Assigned task: For the entries below, copy exactly the line that contains "Ενοικιάζεται - Δίχωρη" through the line that contains "524 Highway 321", both ends included, and exclude all pictures.

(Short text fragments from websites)
──────────────────────────────

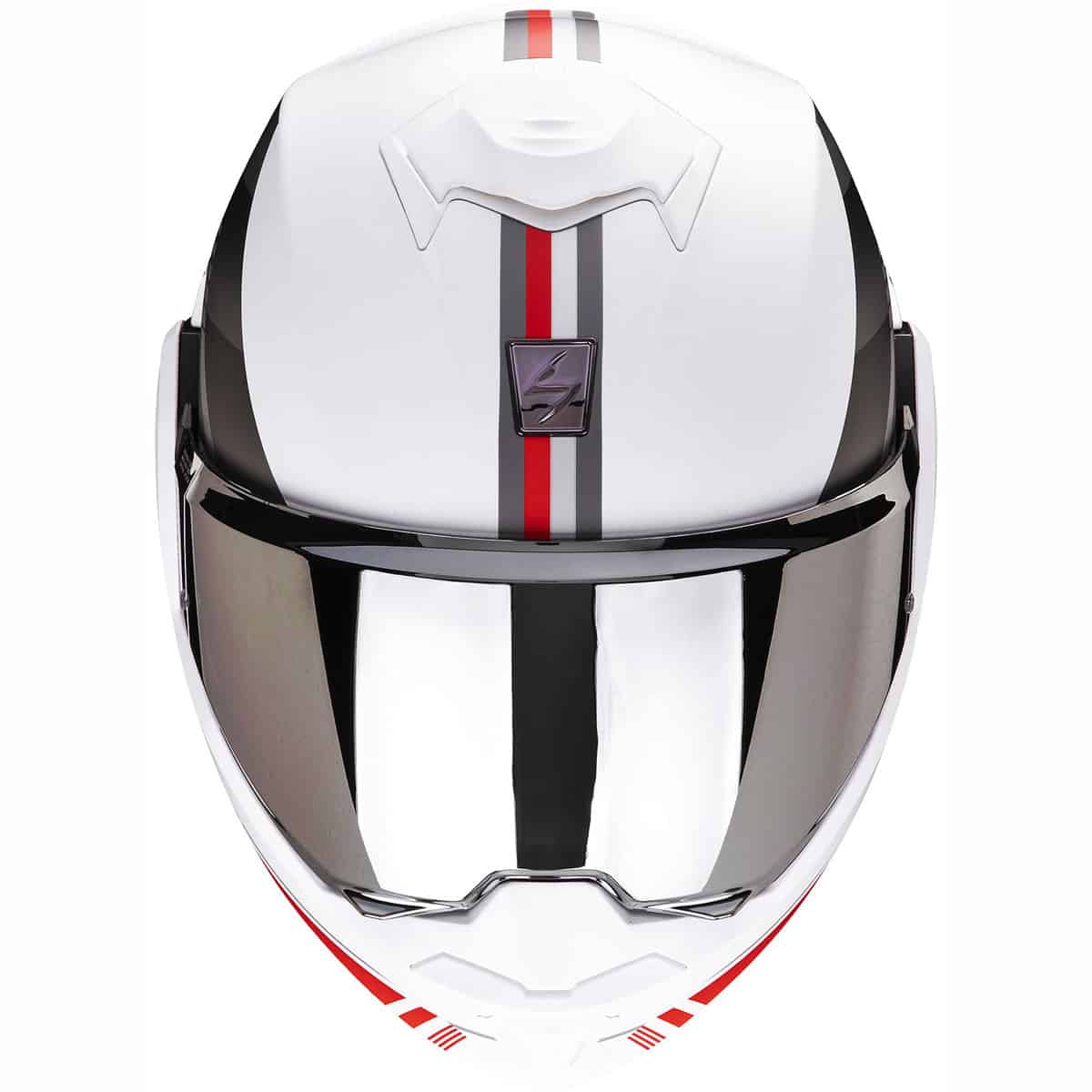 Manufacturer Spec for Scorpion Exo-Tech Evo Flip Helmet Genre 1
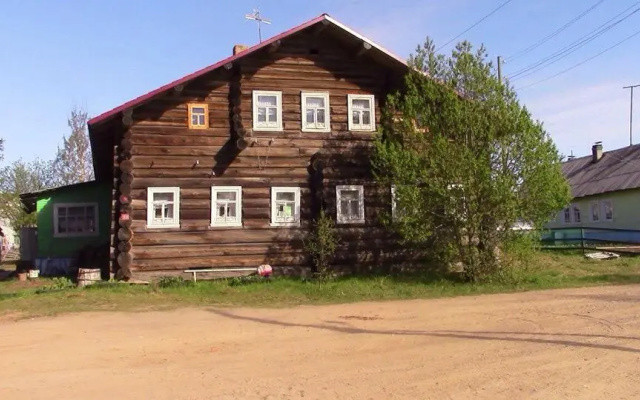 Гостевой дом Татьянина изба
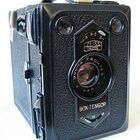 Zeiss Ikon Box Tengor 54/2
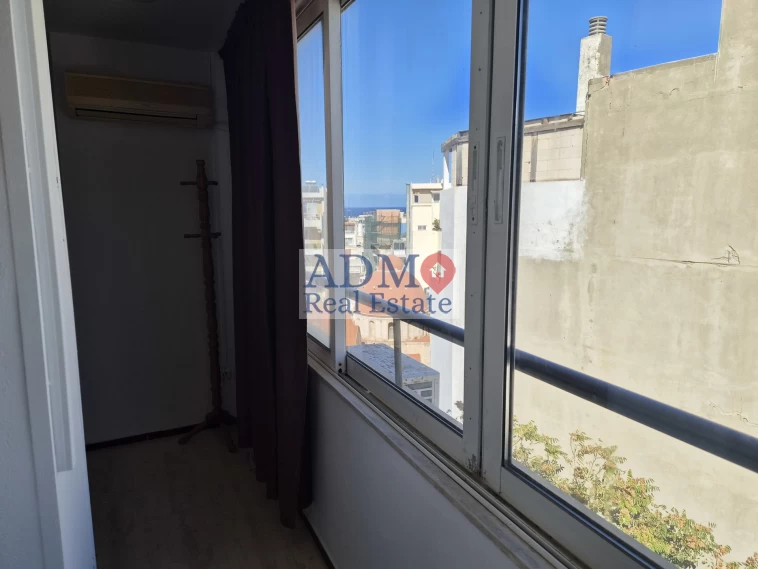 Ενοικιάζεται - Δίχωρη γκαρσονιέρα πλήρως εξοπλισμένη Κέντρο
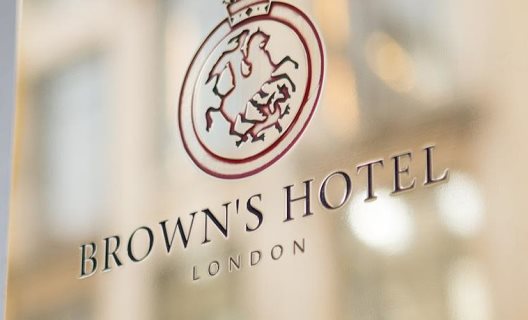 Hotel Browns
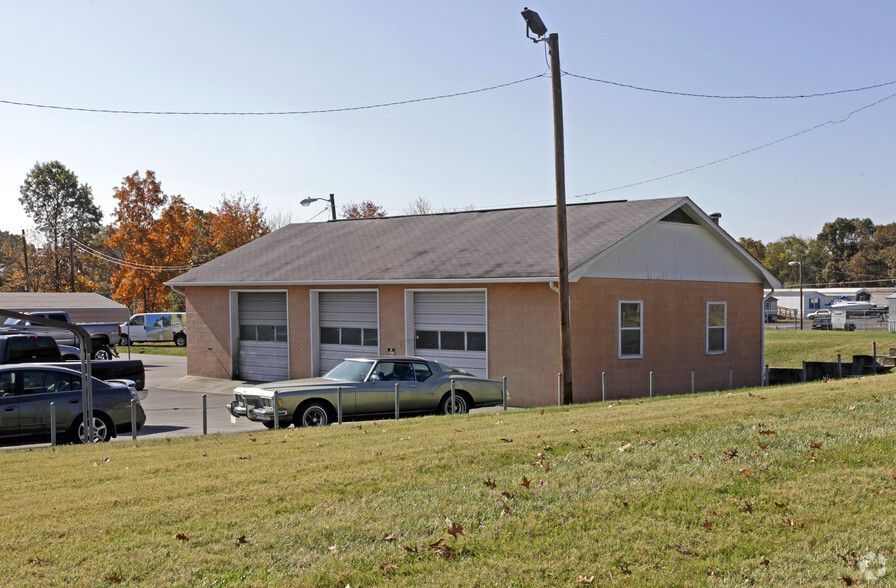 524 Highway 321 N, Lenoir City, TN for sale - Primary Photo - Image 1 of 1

──────────────────────────────

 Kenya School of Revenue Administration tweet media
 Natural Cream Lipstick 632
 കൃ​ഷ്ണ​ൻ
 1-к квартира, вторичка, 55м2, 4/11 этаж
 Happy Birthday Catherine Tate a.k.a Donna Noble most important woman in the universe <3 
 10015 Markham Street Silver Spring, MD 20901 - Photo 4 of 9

──────────────────────────────

Written solution:
 Ενοικιάζεται - Δίχωρη γκαρσονιέρα πλήρως εξοπλισμένη Κέντρο
 Hotel Browns
 524 Highway 321 N, Lenoir City, TN for sale - Primary Photo - Image 1 of 1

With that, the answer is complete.